I recently had a chance to speak with NEC's Charlie Langdon who took over from Tom Burger as the president of NEC Unified Solutions. Burger was an industry icon and very well-known to the TMC editorial team as someone with vision and deep understanding of the telecom market. Langdon's ascended to this post from his prior position as VP of Sales.
Langdon did a great job keynoting at ITEXPO a few weeks back, and I wanted to spend some time with him to hear his ideas fleshed out a bit more. I asked NEC's new president about his vision of enterprise communications, and I got more than I bargained for, as Langdon has a very complete vision of where things are going -- and where we've been.
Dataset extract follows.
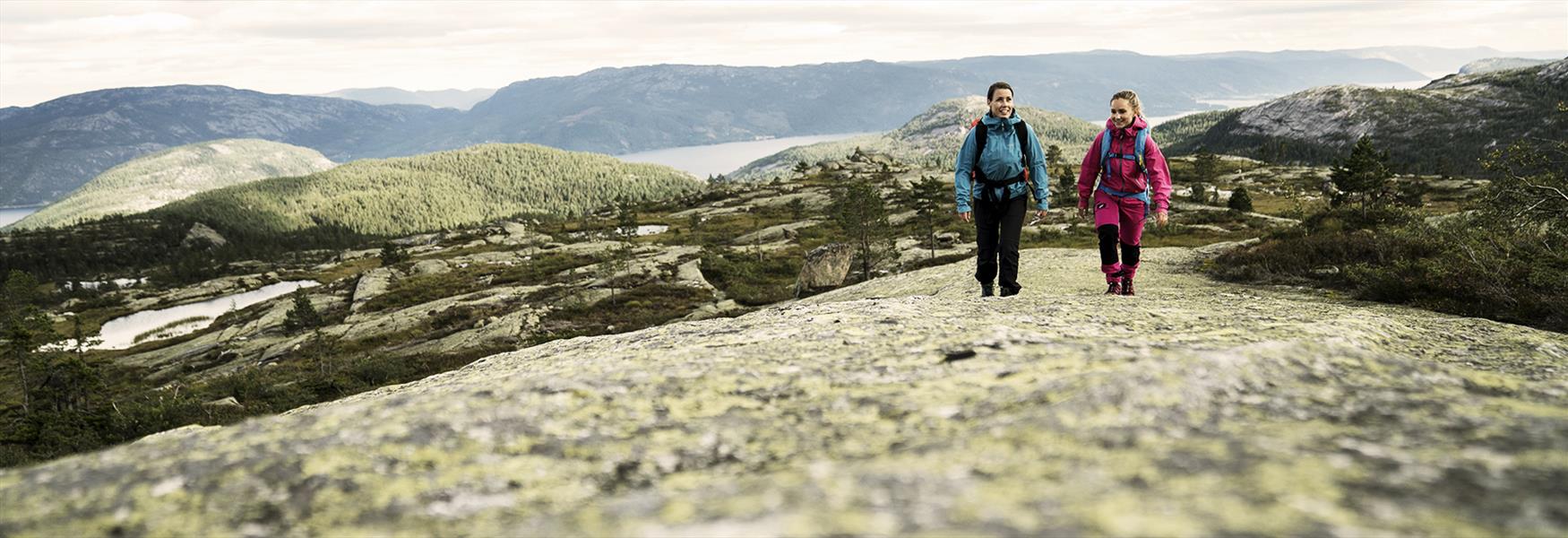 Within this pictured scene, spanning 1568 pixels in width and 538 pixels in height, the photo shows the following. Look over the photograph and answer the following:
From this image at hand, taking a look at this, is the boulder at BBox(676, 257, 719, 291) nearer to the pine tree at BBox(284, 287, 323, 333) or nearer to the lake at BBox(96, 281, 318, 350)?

He reviewed how the computer industry went from mainframes to client-server based architecture and how over time applications become less and less centralized. A good portion of our talk was devoted to how customers have become more empowered in the information technology world looking back twenty years. There was a time when a company leaving an established vendor to purchase from a start-up was considered a black-eye for the big vendor and quite often such stories ended up in places like the Wall Street Journal.
This led us to the current state of communications where Langdon proclaimed, "VoIP is an open operating system for communications applications. It is like what UNIX was to operating systems." This was when he got animated -- well, as far as I can tell anyway, as we were on the phone. The conversation went on to the concept of communications becoming a business tool, something that enhances value. This is the natural evolution of VoIP, according to Langdon.
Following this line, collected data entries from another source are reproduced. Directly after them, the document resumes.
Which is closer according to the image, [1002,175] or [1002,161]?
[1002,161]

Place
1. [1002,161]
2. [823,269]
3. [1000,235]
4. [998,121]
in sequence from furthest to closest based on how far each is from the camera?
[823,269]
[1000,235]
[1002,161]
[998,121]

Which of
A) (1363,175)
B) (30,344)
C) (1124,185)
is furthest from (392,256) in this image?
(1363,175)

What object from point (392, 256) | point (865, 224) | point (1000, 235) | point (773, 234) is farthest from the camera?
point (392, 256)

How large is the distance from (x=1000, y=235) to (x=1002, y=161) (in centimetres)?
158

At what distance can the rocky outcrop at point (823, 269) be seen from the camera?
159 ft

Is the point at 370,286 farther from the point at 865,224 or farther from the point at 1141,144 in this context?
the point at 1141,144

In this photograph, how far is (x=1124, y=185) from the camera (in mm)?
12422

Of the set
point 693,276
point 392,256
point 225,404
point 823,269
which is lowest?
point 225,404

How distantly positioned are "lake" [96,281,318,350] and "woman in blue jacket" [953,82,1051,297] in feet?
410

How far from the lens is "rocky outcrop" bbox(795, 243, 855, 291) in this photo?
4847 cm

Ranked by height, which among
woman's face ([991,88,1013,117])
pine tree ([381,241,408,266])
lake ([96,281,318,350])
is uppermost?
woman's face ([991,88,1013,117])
"VoIP is an open operating system for communications applications. It is like what UNIX was to operating systems."
In his view, VoIP isn't just about saving money but increasing corporate revenues through better communications.
The conversation started to go toward applications, and I asked what he thought about the concept of VoIP 2.0; he responded that NEC aligns with this concept. A few of the areas where the company is rolling out advanced applications, in fact, are healthcare and government markets. The company is distributing specific packages for universities and other markets. Interestingly, NEC really places a great deal of value on its resellers -- they even refer to this channel as a division of the company. This is fairly unusual, in my experience.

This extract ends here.